Sure you can haul with a chevy blazer. A friend of mine used to haul her 2 horse trailer with her blazer and i have a Chevy Tahoe and I haul a 3 horse slantload trailer with no issue.


----------



## nikelodeon79 (Mar 3, 2008)

leapoffaithfarm said:


> Sure you can haul with a chevy blazer. A friend of mine used to haul her 2 horse trailer with her blazer and i have a Chevy Tahoe and I haul a 3 horse slantload trailer with no issue.


I feel like a whole new world had opened to me! :-D Now to save up money....
_Posted via Mobile Device_


----------



## albertaeventer (Feb 5, 2013)

I would absolutely not haul with a blazer, or a lot of other SUV's for that matter. They are far too light and the wheelbase is too short to haul safely. And then there's the whole matter of hauling live cargo that moves around. A blazer is not built to handle hauling large loads, you need a larger vehicle with a tow package on the motor, or else you're going to be having all sorts of mechanical problems. You'd be much better off and safer buying a larger vehicle meant to tow heavier loads, than trying to make do with the blazer and end up in a wreck or having to replace the entire vehicle 6 months down the road.

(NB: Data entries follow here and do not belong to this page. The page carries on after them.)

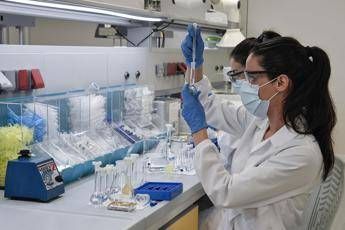 Ippolito: No virus da asintomatici? Servono ancora prove Ippolito: No virus da asintomatici? Servono ancora prove
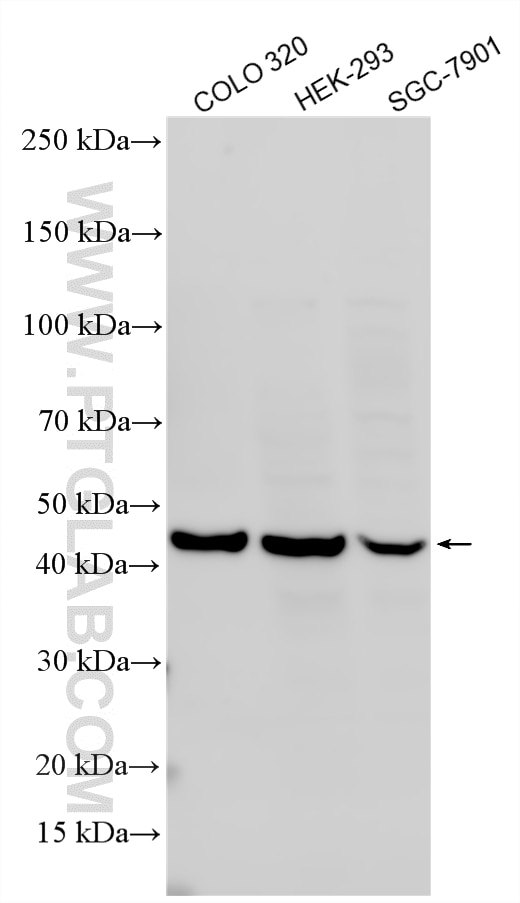 Various lysates were subjected to SDS PAGE followed by western blot with 23899-1-AP (TNFSF18 antibody) at dilution of 1:1000 incubated at room temperature for 1.5 hours. Western Blot (WB) analysis of various lysates using TNFSF18 Polyclonal antibody (23899-1-AP)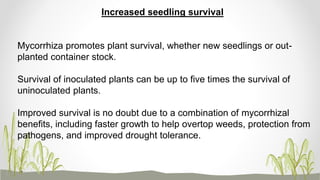 Increased seedling survival
Mycorrhiza promotes plant survival, whether new seedlings or out-
planted container stock.
Survival of inoculated plants can be up to five times the survival of
uninoculated plants.
Improved survival is no doubt due to a combination of mycorrhizal
benefits, including faster growth to help overtop weeds, protection from
pathogens, and improved drought tolerance.
 
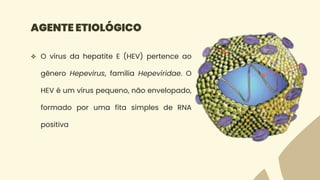 AGENTE ETIOLÓGICO
 O vírus da hepatite E (HEV) pertence ao
gênero Hepevirus, família Hepeviridae. O
HEV é um vírus pequeno, não envelopado,
formado por uma fita simples de RNA
positiva
 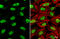 SWI/SNF Related, Matrix Associated, Actin Dependent Regulator Of Chromatin Subfamily C Member 1 antibody, GTX114777, GeneTex, Immunocytochemistry image 
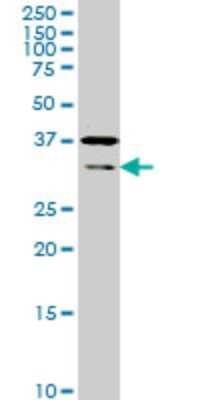 Western Blot: Hey L Antibody (4A11) [H00026508-M02]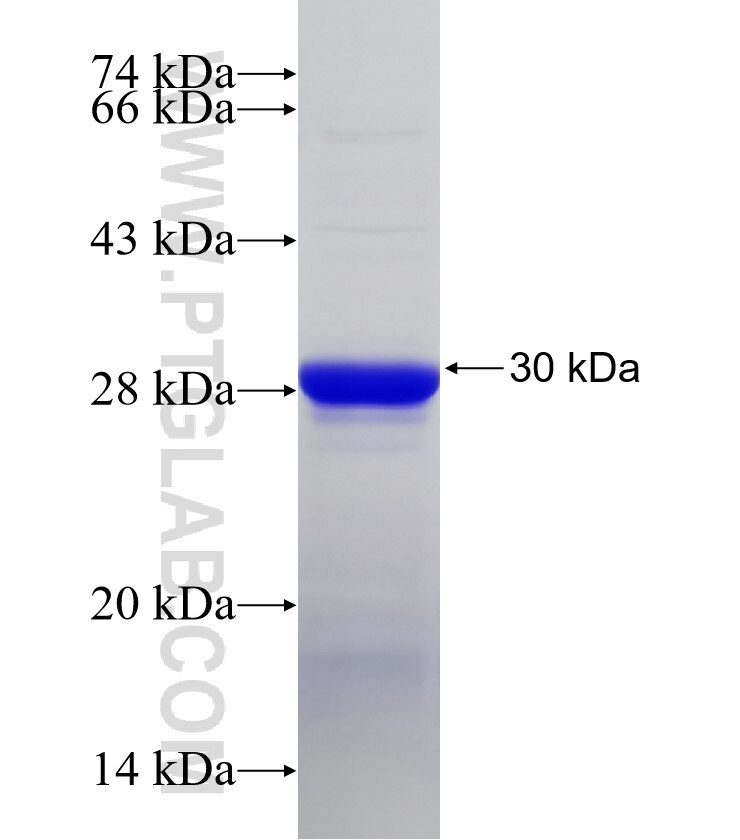 PTPN4 fusion protein Ag32707 SDS-PAGE PTPN4 fusion protein Ag32707 SDS-PAGE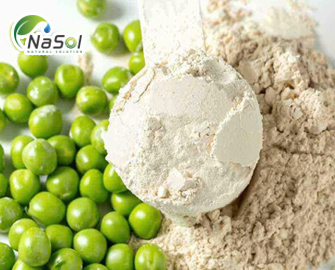 Pea Protein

Personally I would not haul with anything less than a half ton truck.


----------



## Sereno (Apr 21, 2013)

nikelodeon79 said:


> So, I was lamenting the fact that I don't have a truck to pull a horse trailer and I came across some posts on other forums stating that it's ok to pull a small, lightweight trailer with a Blazer.
> 
> We have a 2002 4WD four door Blazer with a listed towing capacity of 5200 lbs. It has the towing package.
> 
> ...


It MAY be possible but you need to check a few things.

Do some math! My two horse trailer is around 4,000 lbs. Two horses add's another 2,000 lbs. Misc. gear in trailer AND back of car is another 200 lbs. Full tank of gas add's ??? So if you had my rig you would have a problem.

My 2000 Jeep Grand Cherokee has the class IV tow, 7,000 lbs capacity and off-road package with a 4.7 engine, transmission and oil cooler. I had to buy a new class IV tow receiver and ball. I also added a leveling system, brake controller and new emergency trailer break away system. I also checked that the tires on my Jeep were rated for the extra load. I also had to learn how to better use the over-drive in the Jeep.

I also re-wired the whole trailer including a new junction box. Added fans and custom did the manager/storage area including some padding to keep noise down and not ruin my tack.




Being that their are very few trailers where I live, I didn't have much choice in trailers and a new Jeep is over $68K here.

Good luck!


----------



## Chevaux (Jun 27, 2012)

I had on occasion used my old Jeep Cherokee (1993 model; 4 litre engine; standard transmission) to pull my old horse trailer (it's similar to the style shown in Sereno's post; estimated weight 2,400 lbs without horse) with one horse in it. It is doable but comes with cautions (that some of the other posters have alluded too) which are applicable to any trailering situation really -- you need a good hitch setup and electric brakes; you need to travel at a lower speed both because of engine capability and general safety especially if hills are involved; you need road conditions as good as possible if not you don't go or you travel that much slower; and most importantly you've got to be constantly vigilant doing things like checking your engine temperature, watching out for other vehicles trying to pass you or coming up on intersections without stopping because you want to avoid the panic brake at all costs.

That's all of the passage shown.